TASK GOAL - Nothing after the line with "Диски гальмівні з" belongs in the copy; extract the lines below from the top through that line, pictures left out.

ENTRIES PROVIDED -

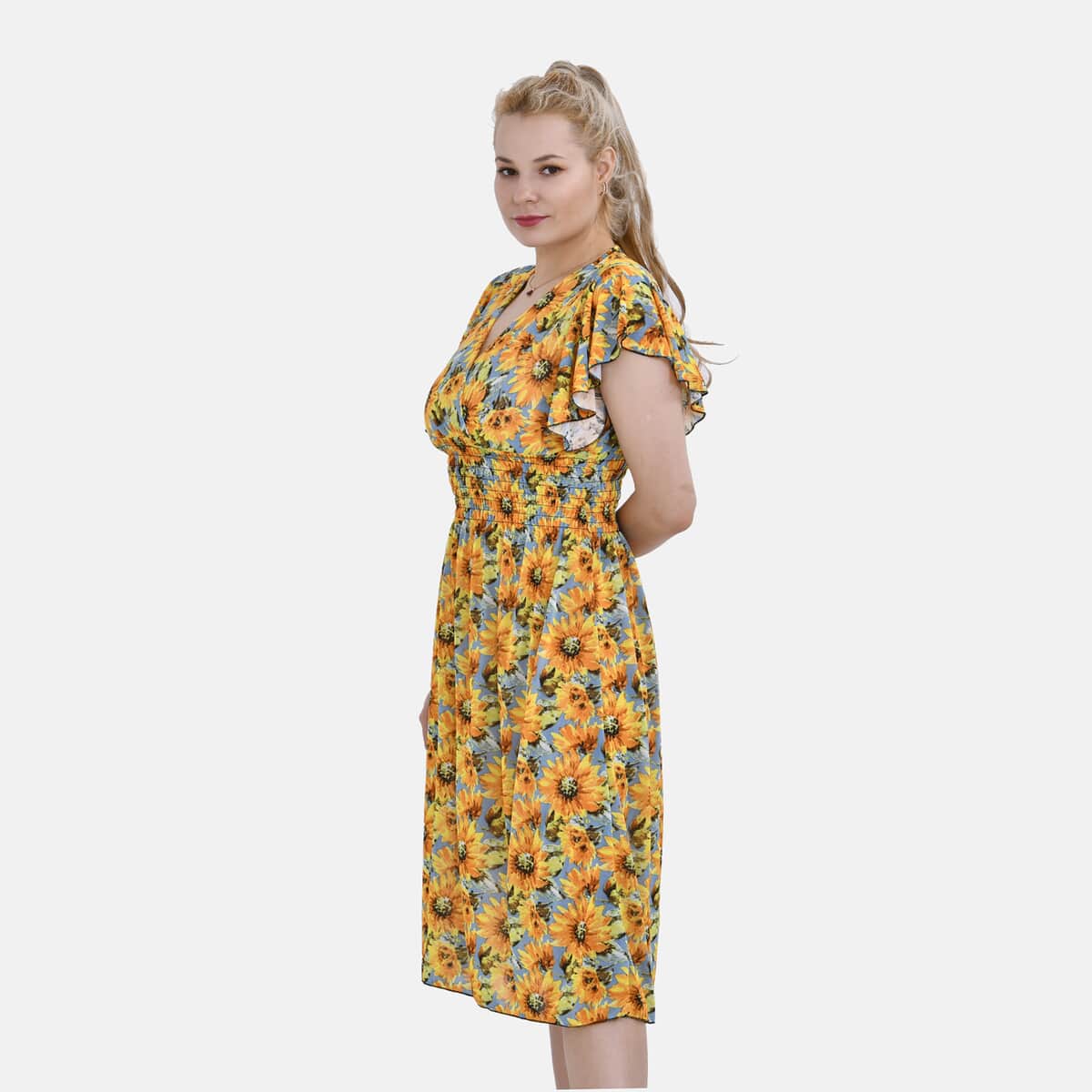 Tamsy Yellow Daisy Smocked Waist Midi Dress with Flutter Sleeves - One Size Fits Most image number 2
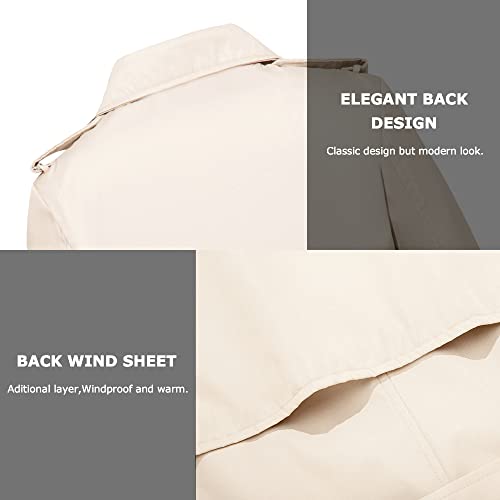 Women's Long Double Breasted Water Resistant Trench Coat with Belt R1837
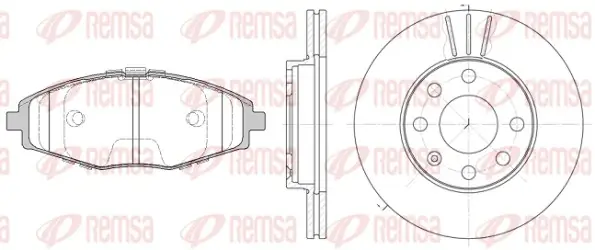 Диски гальмівні з колодками DAEWOO LANOS R13 (компл.) (вир-во) REMSA 8696-01 (фото 1)
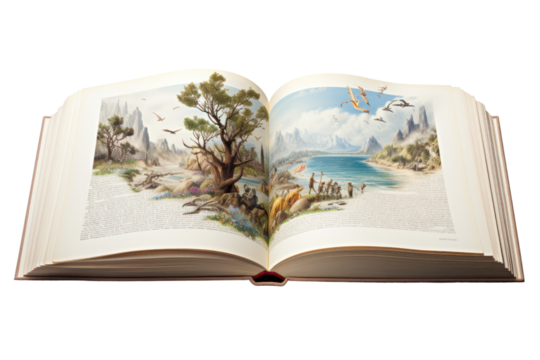 An open book with a page turned slightly to reveal the inner part, isolated on white background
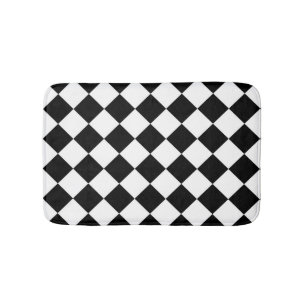 Black And White Checkerboard Checkered Flag Design Bath Mat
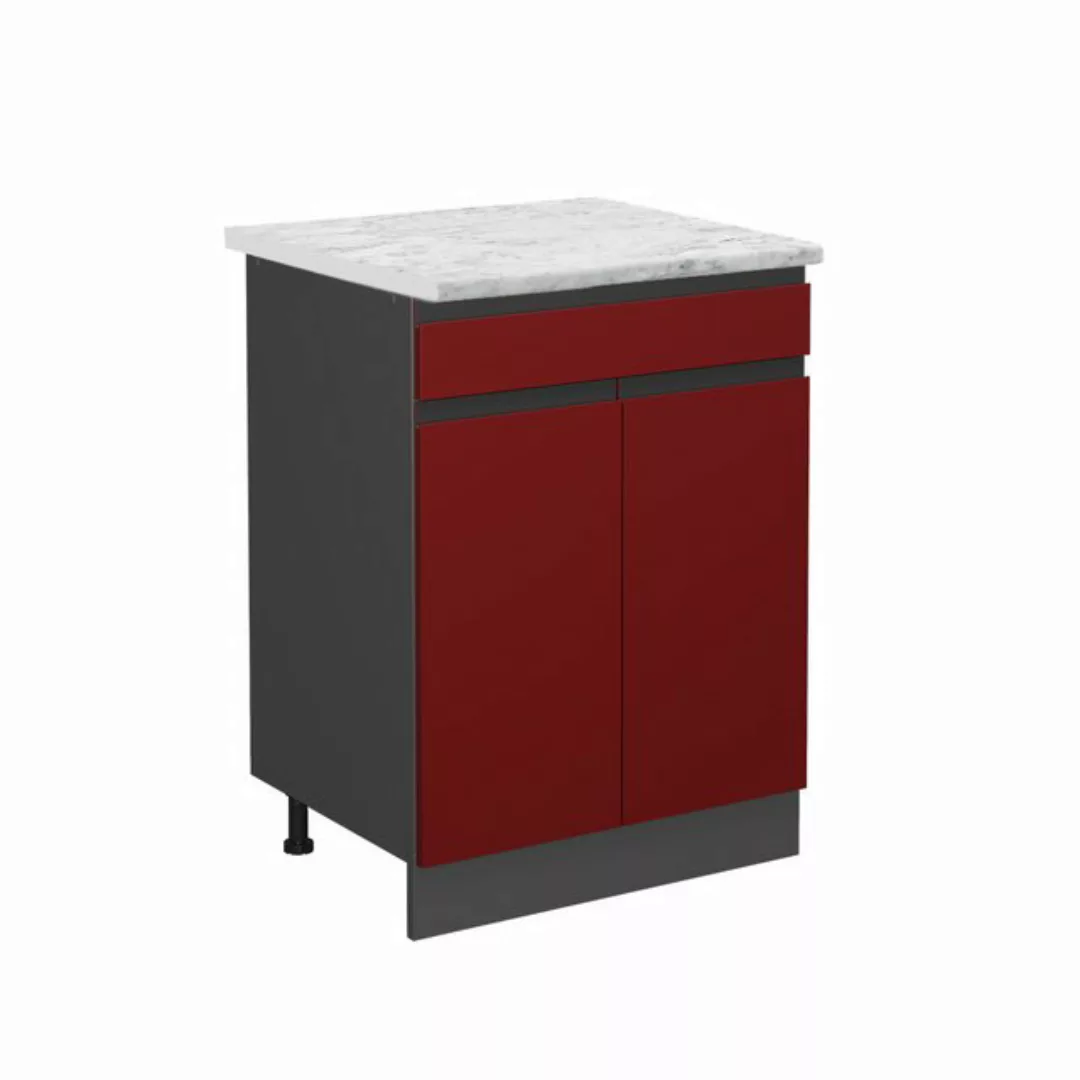 Vicco Unterschrank R-Line, Rot/Anthrazit, 60 cm AP Marmor günstig online kaufen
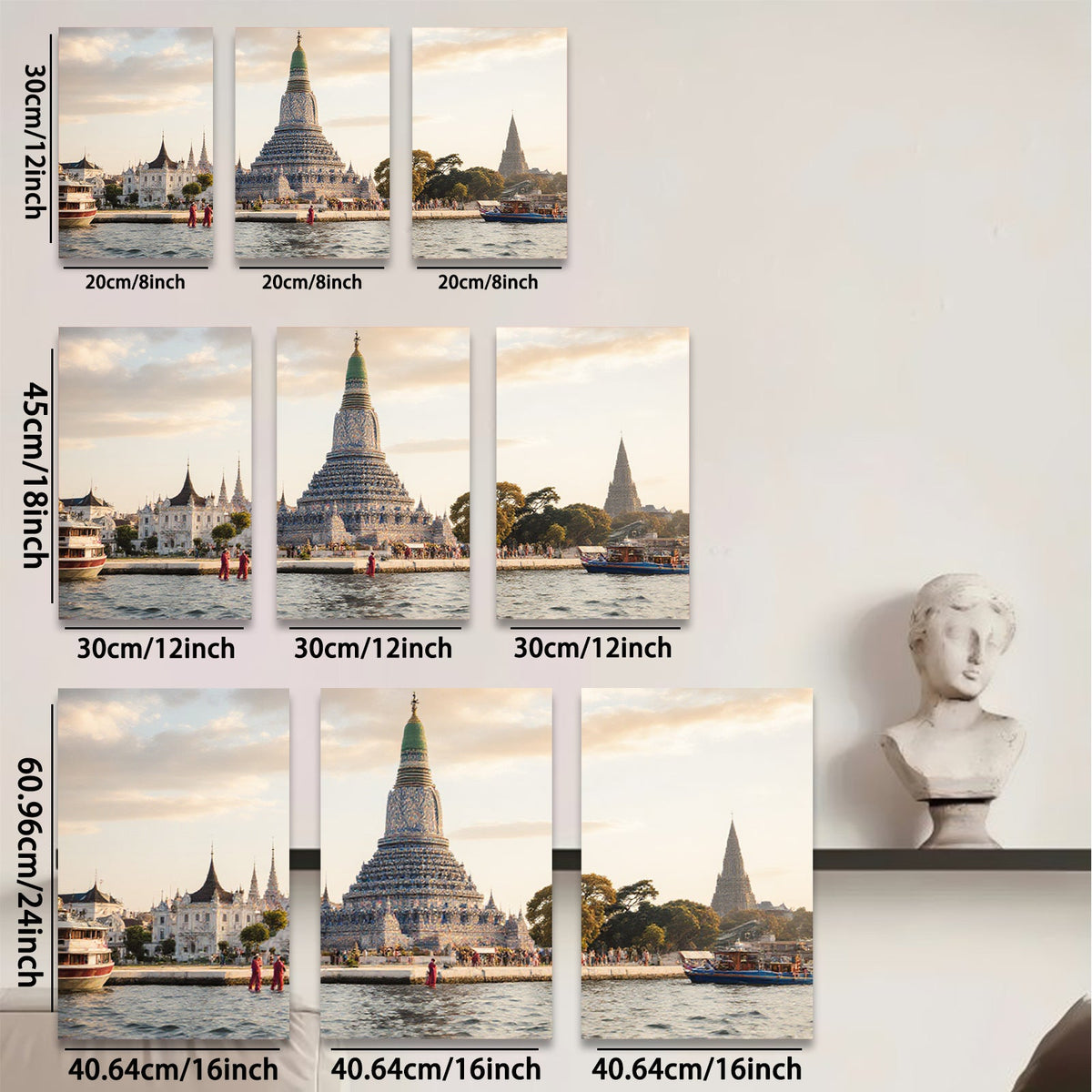 2D flat 1pc Wat Arun Riverside Bangkok Thailand serene temple wall art living room bedroom home decor farmhouse style gallery wrapped canvas prints modern minimalist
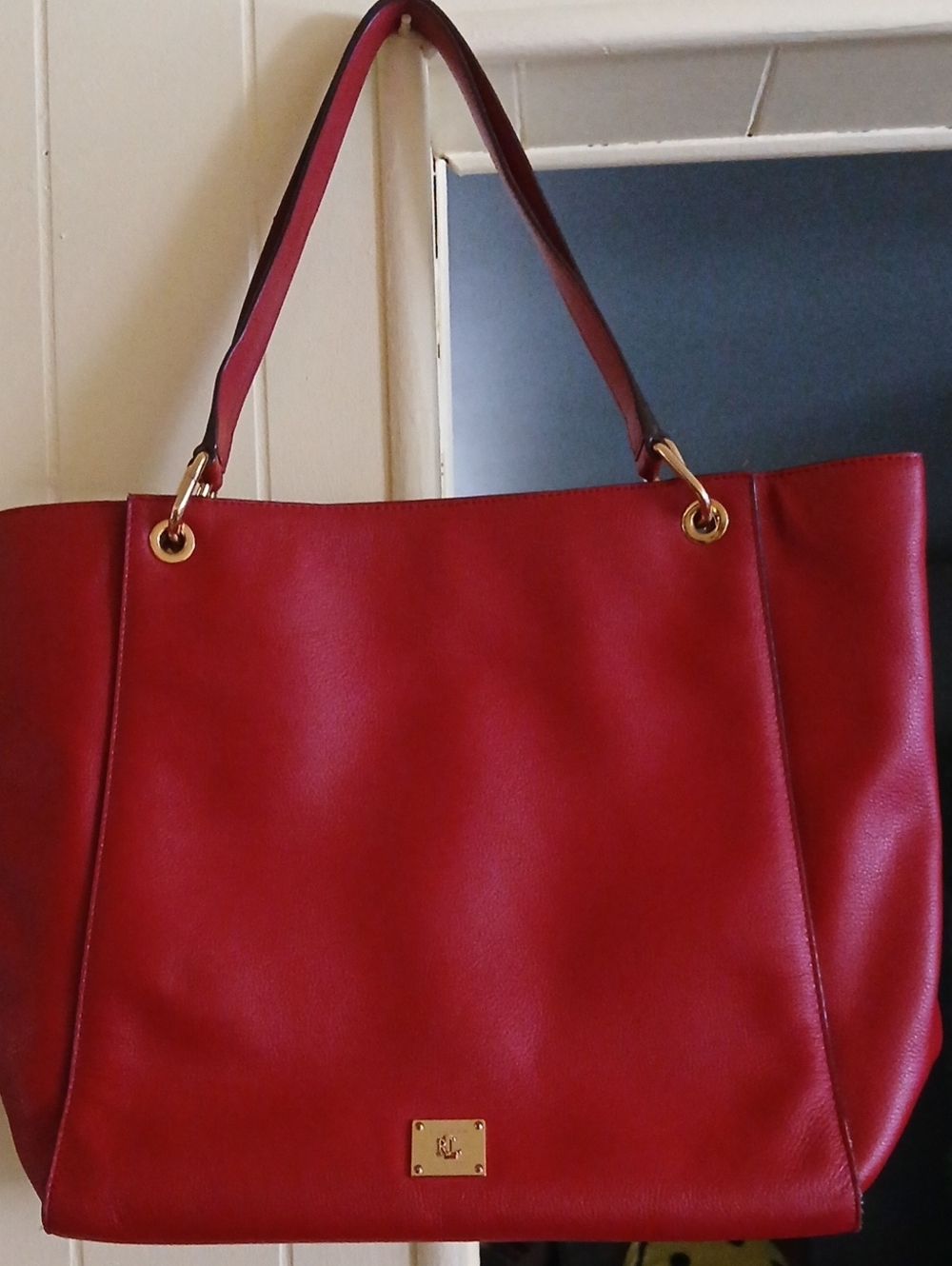 RALPH LAUREN Classic Red Tote with Gold Accent Hardware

EXPECTED OUTPUT -
 Tamsy Yellow Daisy Smocked Waist Midi Dress with Flutter Sleeves - One Size Fits Most image number 2
 Women's Long Double Breasted Water Resistant Trench Coat with Belt R1837
 Диски гальмівні з колодками DAEWOO LANOS R13 (компл.) (вир-во) REMSA 8696-01 (фото 1)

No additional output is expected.